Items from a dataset
* * * * * * *
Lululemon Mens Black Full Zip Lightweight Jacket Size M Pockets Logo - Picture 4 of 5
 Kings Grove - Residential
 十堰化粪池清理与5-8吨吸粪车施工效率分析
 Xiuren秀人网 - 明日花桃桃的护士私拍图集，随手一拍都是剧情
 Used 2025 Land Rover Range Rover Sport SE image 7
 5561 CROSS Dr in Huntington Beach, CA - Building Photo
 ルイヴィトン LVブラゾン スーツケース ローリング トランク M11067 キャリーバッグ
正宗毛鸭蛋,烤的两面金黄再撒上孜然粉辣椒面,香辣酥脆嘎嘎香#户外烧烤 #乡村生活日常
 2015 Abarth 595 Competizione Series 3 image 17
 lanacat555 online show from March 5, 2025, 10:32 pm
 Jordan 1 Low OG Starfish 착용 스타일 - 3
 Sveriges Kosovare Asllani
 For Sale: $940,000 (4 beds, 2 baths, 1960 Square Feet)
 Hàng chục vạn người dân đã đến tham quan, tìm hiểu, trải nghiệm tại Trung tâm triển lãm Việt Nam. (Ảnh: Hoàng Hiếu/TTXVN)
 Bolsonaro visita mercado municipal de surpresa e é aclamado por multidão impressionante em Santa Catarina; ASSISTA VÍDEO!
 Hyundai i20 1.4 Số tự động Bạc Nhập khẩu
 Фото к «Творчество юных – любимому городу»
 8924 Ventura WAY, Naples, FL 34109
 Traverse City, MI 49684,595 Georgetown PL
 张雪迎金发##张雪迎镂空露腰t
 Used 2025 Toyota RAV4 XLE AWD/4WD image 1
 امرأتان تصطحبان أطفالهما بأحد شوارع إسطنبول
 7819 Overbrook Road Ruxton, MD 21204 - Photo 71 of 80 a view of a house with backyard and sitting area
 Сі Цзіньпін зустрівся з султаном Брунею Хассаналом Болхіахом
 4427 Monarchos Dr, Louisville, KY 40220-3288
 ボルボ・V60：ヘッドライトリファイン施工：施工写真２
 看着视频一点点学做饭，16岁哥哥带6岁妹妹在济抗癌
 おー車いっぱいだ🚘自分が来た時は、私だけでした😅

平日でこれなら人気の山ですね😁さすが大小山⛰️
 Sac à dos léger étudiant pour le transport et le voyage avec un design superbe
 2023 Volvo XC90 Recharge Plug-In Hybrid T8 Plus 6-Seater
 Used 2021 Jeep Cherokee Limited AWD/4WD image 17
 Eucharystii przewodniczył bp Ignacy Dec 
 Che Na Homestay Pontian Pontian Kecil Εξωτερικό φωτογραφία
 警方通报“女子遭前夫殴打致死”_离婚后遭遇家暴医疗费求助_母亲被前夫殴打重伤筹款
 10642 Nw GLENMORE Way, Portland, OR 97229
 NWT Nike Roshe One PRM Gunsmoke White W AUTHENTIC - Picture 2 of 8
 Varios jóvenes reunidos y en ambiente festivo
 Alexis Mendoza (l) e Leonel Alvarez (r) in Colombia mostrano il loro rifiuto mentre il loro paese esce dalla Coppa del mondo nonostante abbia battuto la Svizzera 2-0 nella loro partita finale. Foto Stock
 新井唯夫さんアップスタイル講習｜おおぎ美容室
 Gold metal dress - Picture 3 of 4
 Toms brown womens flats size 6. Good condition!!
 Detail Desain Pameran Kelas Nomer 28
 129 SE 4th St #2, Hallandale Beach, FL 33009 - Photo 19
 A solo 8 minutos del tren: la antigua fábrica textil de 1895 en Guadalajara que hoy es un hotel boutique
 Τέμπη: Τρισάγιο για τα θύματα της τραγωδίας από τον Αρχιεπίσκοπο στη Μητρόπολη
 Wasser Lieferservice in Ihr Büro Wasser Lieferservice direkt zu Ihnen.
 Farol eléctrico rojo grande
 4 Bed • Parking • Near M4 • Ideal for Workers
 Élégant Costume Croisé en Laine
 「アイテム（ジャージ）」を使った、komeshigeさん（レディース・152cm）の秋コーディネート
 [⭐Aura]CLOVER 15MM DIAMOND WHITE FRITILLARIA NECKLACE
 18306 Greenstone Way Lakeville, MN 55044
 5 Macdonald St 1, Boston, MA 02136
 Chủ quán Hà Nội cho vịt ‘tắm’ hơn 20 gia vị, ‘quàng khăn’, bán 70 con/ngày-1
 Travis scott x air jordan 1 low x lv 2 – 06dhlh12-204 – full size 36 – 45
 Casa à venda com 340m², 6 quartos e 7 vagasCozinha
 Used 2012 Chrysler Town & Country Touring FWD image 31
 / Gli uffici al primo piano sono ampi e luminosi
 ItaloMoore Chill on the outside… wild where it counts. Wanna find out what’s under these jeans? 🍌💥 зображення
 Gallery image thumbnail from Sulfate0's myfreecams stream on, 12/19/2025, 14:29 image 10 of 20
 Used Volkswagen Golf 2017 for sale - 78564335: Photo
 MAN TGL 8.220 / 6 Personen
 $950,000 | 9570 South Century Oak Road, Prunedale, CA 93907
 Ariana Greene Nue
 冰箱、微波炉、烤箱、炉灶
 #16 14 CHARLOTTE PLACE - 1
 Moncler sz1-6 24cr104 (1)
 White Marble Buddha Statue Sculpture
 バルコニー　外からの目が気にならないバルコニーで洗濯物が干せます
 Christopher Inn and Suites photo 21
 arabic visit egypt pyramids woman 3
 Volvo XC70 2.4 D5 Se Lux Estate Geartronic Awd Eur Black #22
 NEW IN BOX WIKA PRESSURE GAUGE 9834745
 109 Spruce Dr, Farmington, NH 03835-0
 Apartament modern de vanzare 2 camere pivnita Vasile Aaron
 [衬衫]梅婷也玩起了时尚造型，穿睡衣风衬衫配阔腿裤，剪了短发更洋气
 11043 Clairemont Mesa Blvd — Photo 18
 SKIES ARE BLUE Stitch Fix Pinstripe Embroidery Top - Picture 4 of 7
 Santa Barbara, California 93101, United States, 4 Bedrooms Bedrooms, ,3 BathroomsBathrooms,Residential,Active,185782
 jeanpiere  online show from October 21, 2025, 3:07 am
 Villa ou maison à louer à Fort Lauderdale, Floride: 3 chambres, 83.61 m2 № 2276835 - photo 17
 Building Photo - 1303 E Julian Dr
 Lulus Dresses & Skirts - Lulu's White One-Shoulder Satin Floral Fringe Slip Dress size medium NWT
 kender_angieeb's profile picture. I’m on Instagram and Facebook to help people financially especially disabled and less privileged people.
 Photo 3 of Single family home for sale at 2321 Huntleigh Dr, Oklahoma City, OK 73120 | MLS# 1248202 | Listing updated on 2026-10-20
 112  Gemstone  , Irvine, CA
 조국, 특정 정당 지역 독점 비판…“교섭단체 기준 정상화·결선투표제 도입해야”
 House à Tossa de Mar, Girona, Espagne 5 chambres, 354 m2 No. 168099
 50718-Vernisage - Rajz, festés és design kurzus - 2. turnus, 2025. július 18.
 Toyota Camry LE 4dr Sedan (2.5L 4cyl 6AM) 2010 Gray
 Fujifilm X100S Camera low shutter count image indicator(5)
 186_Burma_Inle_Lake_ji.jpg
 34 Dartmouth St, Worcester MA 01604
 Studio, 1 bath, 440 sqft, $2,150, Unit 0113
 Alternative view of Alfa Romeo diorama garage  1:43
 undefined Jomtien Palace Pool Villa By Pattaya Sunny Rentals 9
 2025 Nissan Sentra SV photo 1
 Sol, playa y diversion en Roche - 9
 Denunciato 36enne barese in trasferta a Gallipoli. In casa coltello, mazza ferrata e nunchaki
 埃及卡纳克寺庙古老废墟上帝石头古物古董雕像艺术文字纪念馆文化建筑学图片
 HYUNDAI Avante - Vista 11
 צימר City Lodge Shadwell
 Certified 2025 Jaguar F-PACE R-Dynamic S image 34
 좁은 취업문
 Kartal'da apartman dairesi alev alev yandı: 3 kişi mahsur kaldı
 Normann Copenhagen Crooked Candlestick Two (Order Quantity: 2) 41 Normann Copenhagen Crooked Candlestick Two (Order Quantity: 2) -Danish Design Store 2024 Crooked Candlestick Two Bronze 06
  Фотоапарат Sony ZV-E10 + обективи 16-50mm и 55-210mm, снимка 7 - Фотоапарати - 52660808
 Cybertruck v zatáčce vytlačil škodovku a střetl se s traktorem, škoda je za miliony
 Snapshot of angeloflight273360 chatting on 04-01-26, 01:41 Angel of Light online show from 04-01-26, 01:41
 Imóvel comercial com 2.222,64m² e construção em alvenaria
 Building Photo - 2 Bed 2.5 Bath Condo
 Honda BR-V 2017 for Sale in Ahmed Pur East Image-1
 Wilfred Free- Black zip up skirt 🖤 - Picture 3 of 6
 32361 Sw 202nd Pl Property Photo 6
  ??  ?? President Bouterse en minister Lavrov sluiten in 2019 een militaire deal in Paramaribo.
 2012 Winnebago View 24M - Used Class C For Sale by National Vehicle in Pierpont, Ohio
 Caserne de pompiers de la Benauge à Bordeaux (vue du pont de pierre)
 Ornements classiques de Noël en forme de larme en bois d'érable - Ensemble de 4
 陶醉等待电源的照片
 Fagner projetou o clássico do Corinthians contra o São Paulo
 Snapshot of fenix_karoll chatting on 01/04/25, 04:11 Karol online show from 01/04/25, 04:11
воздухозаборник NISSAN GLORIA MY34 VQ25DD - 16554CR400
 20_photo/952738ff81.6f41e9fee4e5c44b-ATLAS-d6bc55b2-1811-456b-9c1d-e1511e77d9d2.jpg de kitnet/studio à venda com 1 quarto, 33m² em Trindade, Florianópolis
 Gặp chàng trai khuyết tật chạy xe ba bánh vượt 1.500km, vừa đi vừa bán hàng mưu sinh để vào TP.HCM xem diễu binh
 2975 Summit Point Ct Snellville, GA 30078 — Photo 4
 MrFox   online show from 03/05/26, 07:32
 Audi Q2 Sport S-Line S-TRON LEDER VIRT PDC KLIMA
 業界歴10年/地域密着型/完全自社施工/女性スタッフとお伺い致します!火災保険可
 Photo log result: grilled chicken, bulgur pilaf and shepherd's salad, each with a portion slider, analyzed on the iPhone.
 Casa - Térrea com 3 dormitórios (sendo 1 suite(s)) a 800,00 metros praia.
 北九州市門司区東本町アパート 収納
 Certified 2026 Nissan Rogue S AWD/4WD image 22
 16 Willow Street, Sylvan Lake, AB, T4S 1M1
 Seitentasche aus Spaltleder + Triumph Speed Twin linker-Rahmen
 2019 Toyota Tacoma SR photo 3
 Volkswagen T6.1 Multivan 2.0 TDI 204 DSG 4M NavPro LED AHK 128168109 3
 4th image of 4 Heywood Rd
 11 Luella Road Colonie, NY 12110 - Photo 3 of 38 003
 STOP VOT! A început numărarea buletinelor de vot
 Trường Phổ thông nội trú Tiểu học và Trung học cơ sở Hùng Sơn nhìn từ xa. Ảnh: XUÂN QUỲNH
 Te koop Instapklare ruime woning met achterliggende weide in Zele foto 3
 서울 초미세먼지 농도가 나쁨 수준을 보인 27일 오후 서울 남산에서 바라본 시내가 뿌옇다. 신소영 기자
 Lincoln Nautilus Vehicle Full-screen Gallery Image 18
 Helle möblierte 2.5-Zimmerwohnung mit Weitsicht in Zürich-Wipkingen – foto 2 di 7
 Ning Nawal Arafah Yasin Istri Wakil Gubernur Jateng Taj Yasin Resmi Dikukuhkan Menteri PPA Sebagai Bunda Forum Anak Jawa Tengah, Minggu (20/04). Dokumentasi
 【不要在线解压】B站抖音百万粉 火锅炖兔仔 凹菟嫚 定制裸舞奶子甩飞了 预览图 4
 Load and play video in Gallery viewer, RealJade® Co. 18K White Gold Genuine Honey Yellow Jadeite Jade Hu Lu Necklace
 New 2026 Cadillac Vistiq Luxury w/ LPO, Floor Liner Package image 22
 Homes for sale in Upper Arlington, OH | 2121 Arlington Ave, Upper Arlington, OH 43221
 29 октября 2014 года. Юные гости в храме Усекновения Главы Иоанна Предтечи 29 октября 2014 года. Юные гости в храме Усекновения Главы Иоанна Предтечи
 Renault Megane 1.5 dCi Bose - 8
* * * * * * *
* What to produce *
Looking at the data above, return every line from the one with "2015 Abarth 595" down to the one with "Che Na Homestay", exactly and inclusively.

* Response to this task *
 2015 Abarth 595 Competizione Series 3 image 17
 lanacat555 online show from March 5, 2025, 10:32 pm
 Jordan 1 Low OG Starfish 착용 스타일 - 3
 Sveriges Kosovare Asllani
 For Sale: $940,000 (4 beds, 2 baths, 1960 Square Feet)
 Hàng chục vạn người dân đã đến tham quan, tìm hiểu, trải nghiệm tại Trung tâm triển lãm Việt Nam. (Ảnh: Hoàng Hiếu/TTXVN)
 Bolsonaro visita mercado municipal de surpresa e é aclamado por multidão impressionante em Santa Catarina; ASSISTA VÍDEO!
 Hyundai i20 1.4 Số tự động Bạc Nhập khẩu
 Фото к «Творчество юных – любимому городу»
 8924 Ventura WAY, Naples, FL 34109
 Traverse City, MI 49684,595 Georgetown PL
 张雪迎金发##张雪迎镂空露腰t
 Used 2025 Toyota RAV4 XLE AWD/4WD image 1
 امرأتان تصطحبان أطفالهما بأحد شوارع إسطنبول
 7819 Overbrook Road Ruxton, MD 21204 - Photo 71 of 80 a view of a house with backyard and sitting area
 Сі Цзіньпін зустрівся з султаном Брунею Хассаналом Болхіахом
 4427 Monarchos Dr, Louisville, KY 40220-3288
 ボルボ・V60：ヘッドライトリファイン施工：施工写真２
 看着视频一点点学做饭，16岁哥哥带6岁妹妹在济抗癌
 おー車いっぱいだ🚘自分が来た時は、私だけでした😅

平日でこれなら人気の山ですね😁さすが大小山⛰️
 Sac à dos léger étudiant pour le transport et le voyage avec un design superbe
 2023 Volvo XC90 Recharge Plug-In Hybrid T8 Plus 6-Seater
 Used 2021 Jeep Cherokee Limited AWD/4WD image 17
 Eucharystii przewodniczył bp Ignacy Dec 
 Che Na Homestay Pontian Pontian Kecil Εξωτερικό φωτογραφία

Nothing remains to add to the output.